Pour l'accusation comme pour la défense de l'ancien locataire du Bureau ovale, la première tâche se présentant s'annonce délicate: trouver 12 personnes capables de juger en toute impartialité l'une des personnalités les plus clivantes du pays. Selon les avocats de Donald Trump, Susan Necheles et Todd Blanche, ce serait quasiment mission impossible à Manhattan, là même où leur client a bâti sa richesse et sa célébrité. Les électeurs de l'arondissement avaient ainsi voté à 86% pour Hillary Clinton en 2016 et à 84% en faveur de Joe Biden il y a quatre ans.

Des centaines de jurés potentiels

Trouver douze jurés satisfaisant les deux partis "ne sera pas tâche aisée", concède Jeremy Saland, ancien procureur de Manhattan interrogé par la BBC.

"Il n'y a personne dans ce pays qui n'a pas d'avis sur Trump dans un sens ou dans l'autre. Quant aux habitants de New York, ils ont été exposés à Donald Trump, à son père et à ses enfants depuis des générations."

Alvin Bragg, le procureur de Manhattan représentant l'accusation et en première ligne dans ce dossier, estime pour sa part "absurde pour l’accusé d’affirmer qu’il sera impossible ou irréalisable de trouver une douzaine de jurés justes et impartiaux, ainsi que des suppléants, parmi plus d’un million de personnes".

Ces douze jurés et ces suppléants, qui seront jusqu'à six, seront sélectionnés au terme d'un long processus qui pourrait s'étaler sur plus d'une semaine alors que le procès devrait durer entre six et huit semaines.

Tout a commencé par les centaines de convocations envoyées à des personnes résidant à Manhattan et qui devront se présenter au tribunal. D'après une ancienne procureur de Brooklyn, Julie Rendelman, de premiers jurés potentiels seront révoqués s'ils ne peuvent pas assister à la totalité du procès, en raison par exemple de problèmes de garde d'enfants.

Les jurés soumis à 42 questions

Le plus dur pourra alors commencer sous l'oeil attentif du juge Juan Merchan. Les personnes toujours en lice devront répondre à une série de 42 questions ayant fait l'objet de longues tractations entre accusation et avocats de Trump. Elles porteront sur leur profession ou leur éventuelle expérience préalable en tant que juré.

Mais certaines sont beaucoup plus spécifiques à cette affaire. Les jurés potentiels devront notamment répondre à la question: "Suivez-vous un compte d’une organisation ou groupe anti-Trump sur les réseaux sociaux, ou en avez-vous suivi un par le passé ?" Ils devront aussi dire s'ils ont déjà assisté à un meeting ou un événement de campagne pour Donald Trump ou s'ils soutiennent des mouvements complotistes comme la nébuleuse QAnon, le groupe suprémaciste blanc Proud Boys ou, à l'opposé du spectre, des formations antifas.
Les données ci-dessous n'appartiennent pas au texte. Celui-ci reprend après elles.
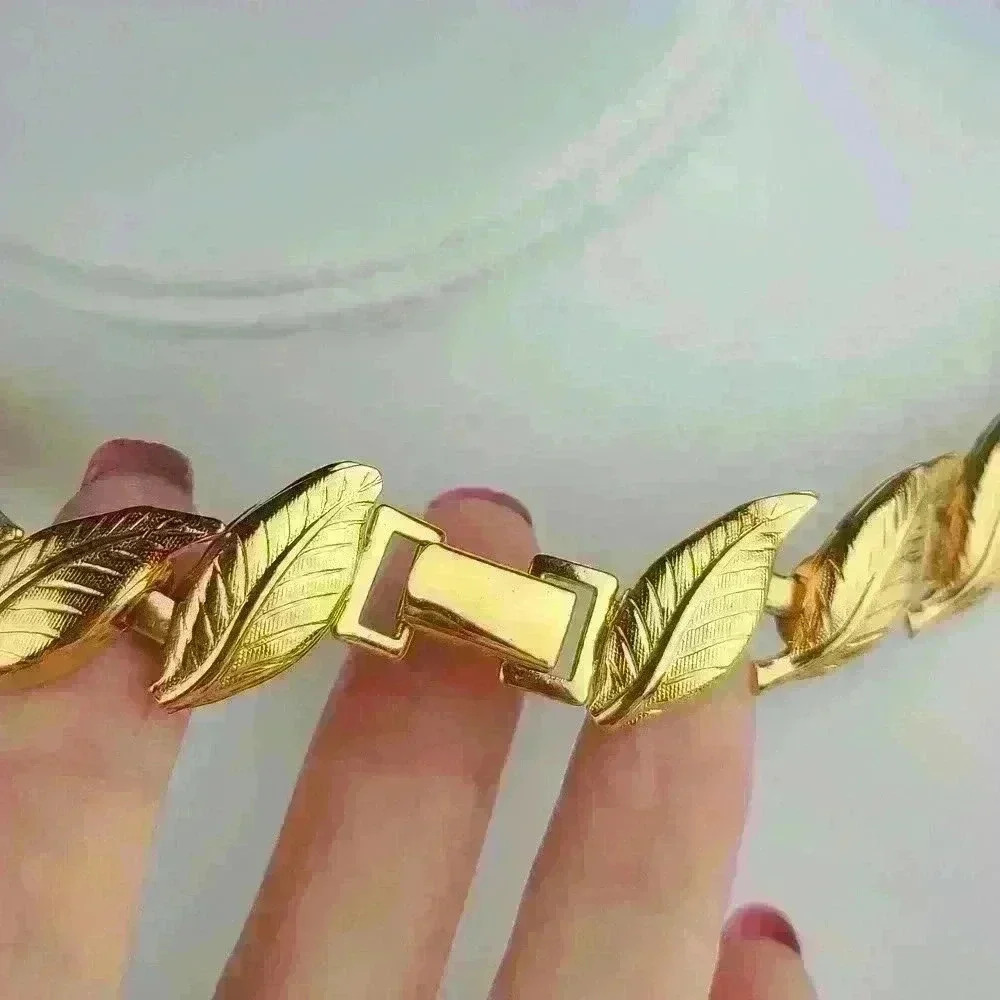 Vintage Napier Gold Tone / Gold Plated necklaces set of 3 - Picture 4 of 16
L'accusation comme les avocats de Donald Trump auront la possibilité de s'opposer à ceux qu'ils ne souhaitent pas voir faire partie du jury. Chaque camp "pourra congédier 10 jurés potentiels sans avoir à donner la moindre raison", explique l'ancienne procureure de Manhattan Diana Florence à la BBC.

En revanche, le nombre de jurés pouvant être remerciés pour une raison valable est illlimité. Des experts engagés par chaque côté devraient ainsi scruter les comptes de ces personnes sur les réseaux sociaux pour déceler les partis pris des jurés passés au peigne fin. Cela devrait permettre aussi d'identifier ceux essayant de cacher leur jeu.

Dans tous les cas, il faudra parvenir au chiffre magique de douze, quel que soit le temps que cela prendra. Le procès dans l'affaire "Le peuple de l’État de New York contre Donald Trump" pourra alors commencer.